Coluna da Sexta-feira

Saudosa virgindade

Celso de Almeida Jr.
As “Virgens da esquina do pecado” reuniam-se geralmente as sextas e sábados, na avenida Iperoig, em frente ao antigo escritório do Paulo Romero, cruzamento com a Dom João III.


Usávamos repique, repinique, treme-terra, chocalho, reco-reco, surdo e tamborim.

Inspirávamos na turma do Ney, Niltinho, Toninho e outras feras da batucada.


Éramos garotos.

Lembro numa noite em que um grupo de moças animadas, atraídas pela boa cadência, fez cara de decepção. Uma delas comentou que esperava encontrar batuqueiros, digamos, mais nutridos.

Virgens, é claro, éramos nós. Eu, pelo menos, era. Sinceramente, me concentrava no ritmo. Ficava até altas horas curtindo um repertório que cantávamos com alegria contagiante.

Jair Rodrigues, Martinho da Vila, Agepê, Luis Ayrão, Alcione, Beth Carvalho, Noite Ilustrada, Cartola, Paulinho da Viola, Originais do Samba, e tantos outros mereceram a nossa rouca interpretação, pouco afinada, mas vibrante.

No fundo, não só o ritmo, mas as letras nos tocavam. Saboreávamos a poesia.

Quem ouvia, notava o entusiasmo. E se aproximava.

Talvez por isso, numa véspera de Carnaval, a Poty, do Vira Verão, nos contratou para animar a casa. A demissão veio ao final da primeira noite, quando ela percebeu a precariedade do nosso equipamento de som, um amplificador daqueles de vendedor de pamonha, além das constantes investidas das Virgens num isopor exposto na cozinha, lotado de cervejas geladas.
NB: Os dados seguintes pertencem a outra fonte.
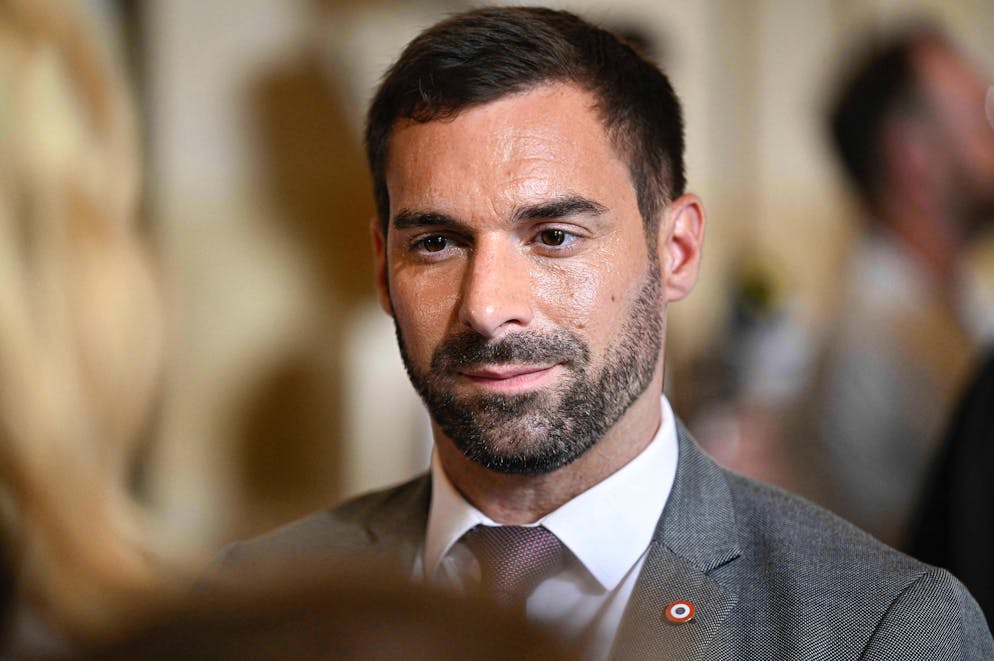 Passé par le PS et le centre, Julien Odoul rejoint le Front national en 2014 et signe, le 1er octobre, un contrat d'assistant avec Mylène Troszczynski qui courra jusqu'au 31 juillet 2015 et sera rémunéré au total 56.000 euros.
Hoje, espanto-me com a inocência daqueles tempos.

Neste início de 2009, caminhando no Perequê-Açu, flagrei um carro com o porta-malas aberto, rodeado de jovens, ouvindo uma música muito amplificada, onde a cantora, com voz de tudo, menos de virgem, conclamava para que fosse estuprada, surrada, usando um palavreado digno de zona de prostituição decadente.

Moços e moças bonitas, na praia, curtindo um repertório que, confesso, não sei que alegria pode dar.

Eu caminhava sozinho. Na mesma calçada, uma família vinha em minha direção. Foi visível o constrangimento, coroado pelo apertar do passo e um silêncio triste.
Como explicar e aceitar tamanha vulgaridade pública?


Decidi interferir. Encostei no carro, chamei aquele que parecia ser o mais velho do grupo e pedi, reservadamente, que diminuísse o som e explicasse aos amigos os meus argumentos. Ele, muito tranquilo, respondeu: “Tudo bem, tio, foi mal.” Ganhei um sobrinho e certo sossego aos meus ouvidos, pelo menos naquele instante.

Talvez o que falte a juventude de hoje é conhecer coisa melhor. Mergulhados num vazio, agarram-se ao que mais chama a atenção. Quanto mais chocante, melhor. Creio que não conseguem ter prazer com boa música, poesia, comportamentos que integrem, que aproximem, que promovam o crescimento.

Para nós, adultos, cabe a tarefa de orientá-los, ajudando-os a despertar.

Do jeito que está, não sei se nas reflexões que terão no futuro as lembranças serão amenas.

No meu caso, concluo que naquela esquina tinha de tudo. Menos pecado.